Shares of Monsanto Company (NYSE:MON) spiked on Thursday morning after reports emerged that German chemical giants Bayer AG and BASF are both in the fray to acquire the company. On Wednesday evening, financial news website StreetInsider reported that BASF SE is working with investment banks to advise on a potential takeover of Monsanto. Barely a few hours after that, Bloomberg came up with a report revealing that Bayer AG is also exploring a potential bid for the world’s largest seed producer.
According to Bloomberg, Bayer has already held preliminary discussions within the company and with advisers about acquiring Monsanto. Although no final decision has been made regarding the bid, Bayer AG has discussed how to finance a deal, which might involve a potential sale of its assets. If this deal gets completed, it would create the world’s largest seed and agrochemical company. Bayer can also decide against an outright acquisition and pursue other transactions with Monsanto like a joint venture or an asset sale. However, industry watchers believe if Bayer AG goes ahead with the bid, it would put pressure on BASF SE to also come up with an offer for Monsanto.
Consolidation: A Necessity
After the end of the M&A boom in the biotech space, the agrochemical sector is fast becoming a hotbed for such deals. In December last year, Dow Chemical Co and DuPont announced their $130 billion merger, which is expected to get completed by the second-half of this year. Then in February, ChemChina revealed that it has agreed to acquire Switzerland’s Syngenta AG for $43 billion.

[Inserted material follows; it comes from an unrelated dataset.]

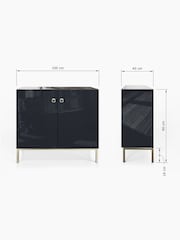 Frank Olsen Midnight Black 1 Lyra Four Door SMART Sideboard - Image 8 of 9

Prior to ChemChina’s announcement, Monsanto had made numerous attempts to acquire Syngenta AG, the last one being in January this year when speculation was rife that the two companies are close to reaching a deal. However, after all of its efforts to acquire its largest rival failed to yield any result, Monsanto started looking for other options. In March, Reuters reported that the company held talks with Bayer and BASF about possible collaborations and joint ventures. At that time, Monsanto had also shown interest in acquiring Bayer’s crop science unit in a deal that could have been worth over $30 billion.
Analysts believe that a merger or an acquisition is more of a necessity for Monsanto at this point than a strategy for growth. The decline in agriculture commodities has taken a heavy toll on the company and its stock, which has lost nearly 25% of its value in the last one year (not including Thursday’s gains). Monsanto, on its part, hasn’t been hiding this need either. The company has made it clear over the past several months that it has become necessary for it to join forces with an agrochemicals company in order to provide farmers with a one-stop solution.
Few Antitrust Hurdles
While antitrust regulators across the globe have been quite active in disapproving large M&A deals this year, legal experts believe that a deal between Monsanto and Bayer won’t face significant regulatory hurdles. That’s because both the companies have little in common product-wise. The only product where both the companies compete in a big way is weed killers, which in itself is not a big business for either Bayer or Monsanto. Nevertheless, if both the companies are indeed planning to merge, analysts believe they should prepare themselves for intense scrutiny from regulators, especially here in the U.S.